- _Task to complete_:
Give the listing below again exactly, but without any of its pictures.

(Data for this task begins)

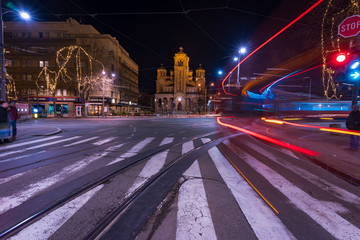 Fototapeta na wymiar Saint Mark's church at night and light trails from passing trams and buses in Belgrade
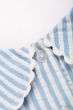 Close up of the neck button closure on the Frugi Beach Hut Blue and white Stripe Cassie Collared Dress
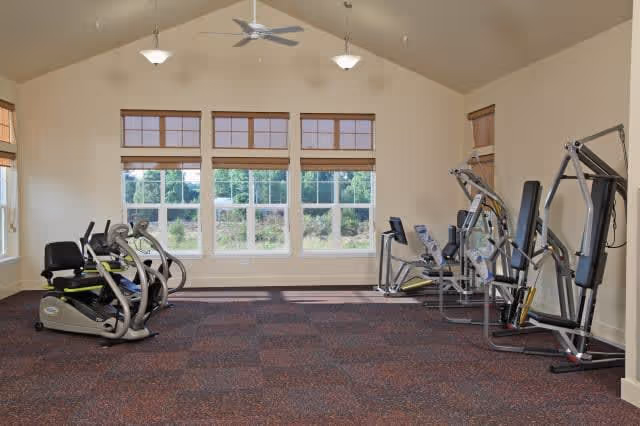 A spacious exercise room with large windows letting in natural light. The room contains various fitness equipment including stationary bikes and weight machines. The walls are light-colored and the ceiling is vaulted with ceiling fans and hanging light fixtures.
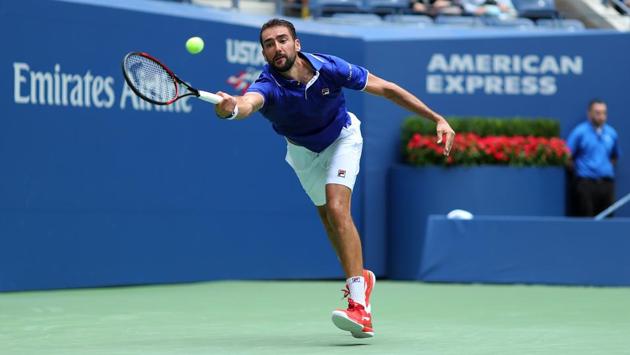 Marin Cilic of Croatia in action during his first round Men's Singles match against Tennys Sandgren of the United States. (AFP)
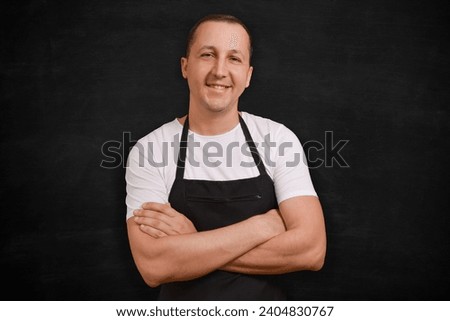Happy man chef in apron looking at camera on black background. Royalty-Free Stock Photo #2404830767
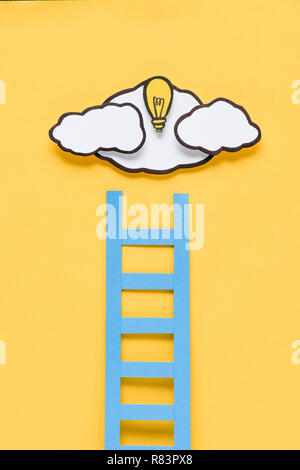 cardboard ladder with light bulb and clouds on yellow background, ideas concept Stock Photo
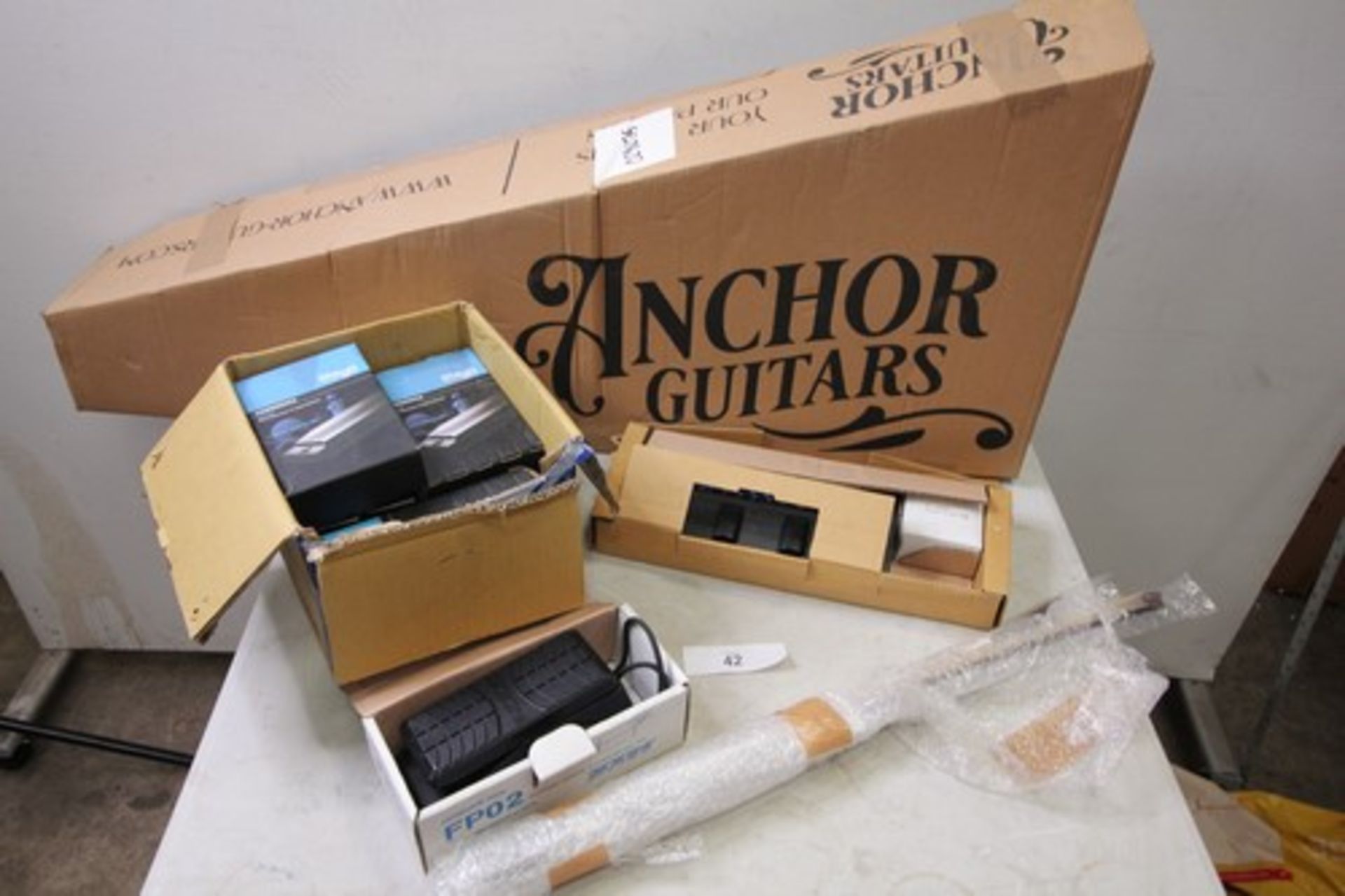 1 x Anchor Berlin acoustic guitar together with Zoom 2001 effects pedal and 7 x Stagg harmonicas -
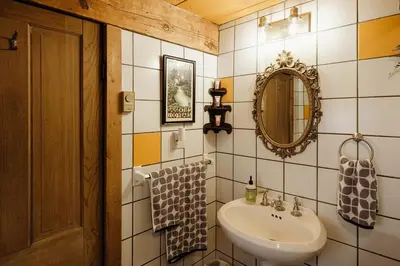 a bathroom with a sink and a mirror at Chestnut Hill Farm in Saugerties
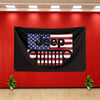 A black flag banner featuring the Jeep logo design with American flag elements mounted on a red wall.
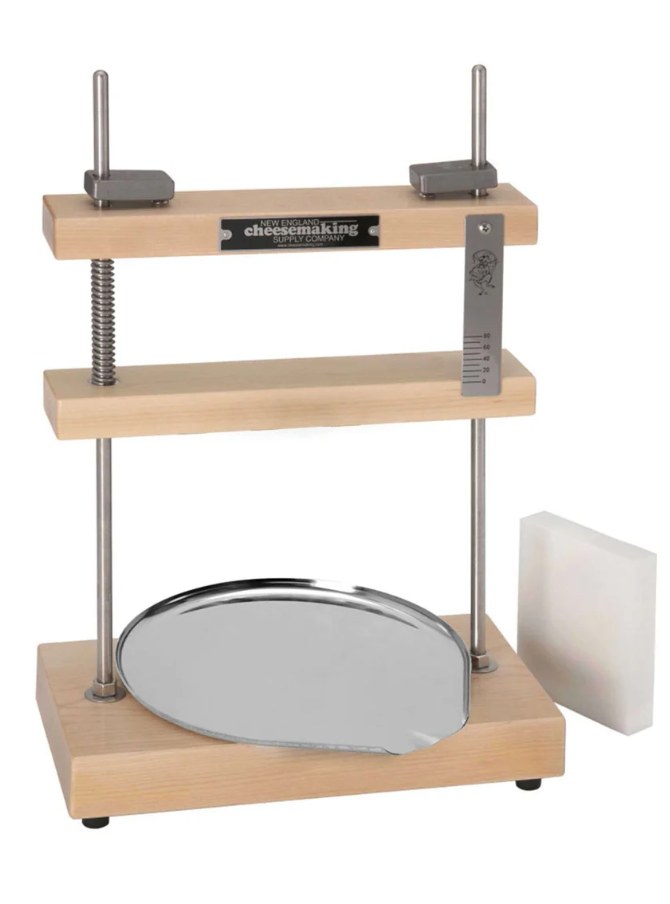 The screw press: two stainless guide rods, a fixed top bar, a coil spring around the central screw, and a
calibrated scale plate on the right that reads the spring's compression. Stainless drip tray, white plastic
follower.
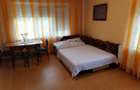 Inchiriez casa 2 camere 110mp cu curte 600 mp. - 1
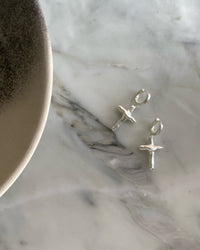 Uneven cross shaped sterling silver matt earrings by Fairley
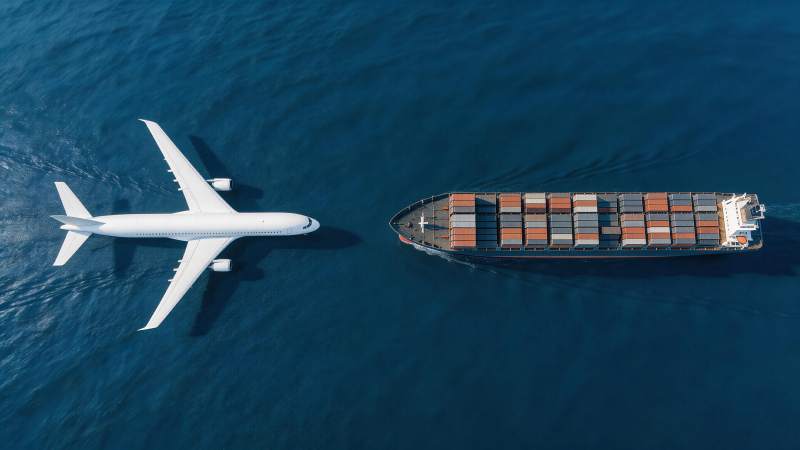 飞机与货轮在蓝色海面上并行航行图片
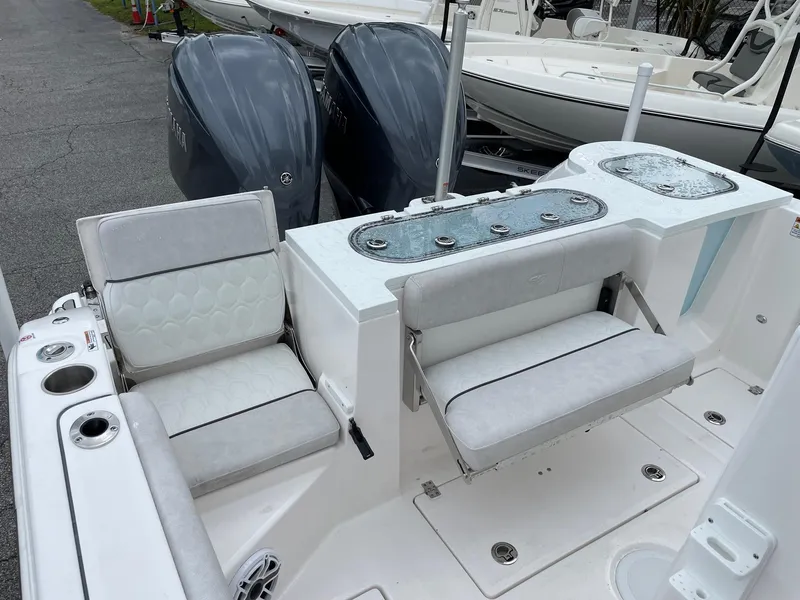 Slide: The Image of 2024 Sea Fox 288 Commander boat interior with dual engines and seating area. - 15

(Data for this task ends)

- _Output of the exercise_:
 Fototapeta na wymiar Saint Mark's church at night and light trails from passing trams and buses in Belgrade
 Close up of the neck button closure on the Frugi Beach Hut Blue and white Stripe Cassie Collared Dress
 A spacious exercise room with large windows letting in natural light. The room contains various fitness equipment including stationary bikes and weight machines. The walls are light-colored and the ceiling is vaulted with ceiling fans and hanging light fixtures.
 Marin Cilic of Croatia in action during his first round Men's Singles match against Tennys Sandgren of the United States. (AFP)
Happy man chef in apron looking at camera on black background. Royalty-Free Stock Photo #2404830767
 cardboard ladder with light bulb and clouds on yellow background, ideas concept Stock Photo
 1 x Anchor Berlin acoustic guitar together with Zoom 2001 effects pedal and 7 x Stagg harmonicas -
 a bathroom with a sink and a mirror at Chestnut Hill Farm in Saugerties
 A black flag banner featuring the Jeep logo design with American flag elements mounted on a red wall.
 The screw press: two stainless guide rods, a fixed top bar, a coil spring around the central screw, and a
calibrated scale plate on the right that reads the spring's compression. Stainless drip tray, white plastic
follower.
 Inchiriez casa 2 camere 110mp cu curte 600 mp. - 1
 Uneven cross shaped sterling silver matt earrings by Fairley
 飞机与货轮在蓝色海面上并行航行图片
 Slide: The Image of 2024 Sea Fox 288 Commander boat interior with dual engines and seating area. - 15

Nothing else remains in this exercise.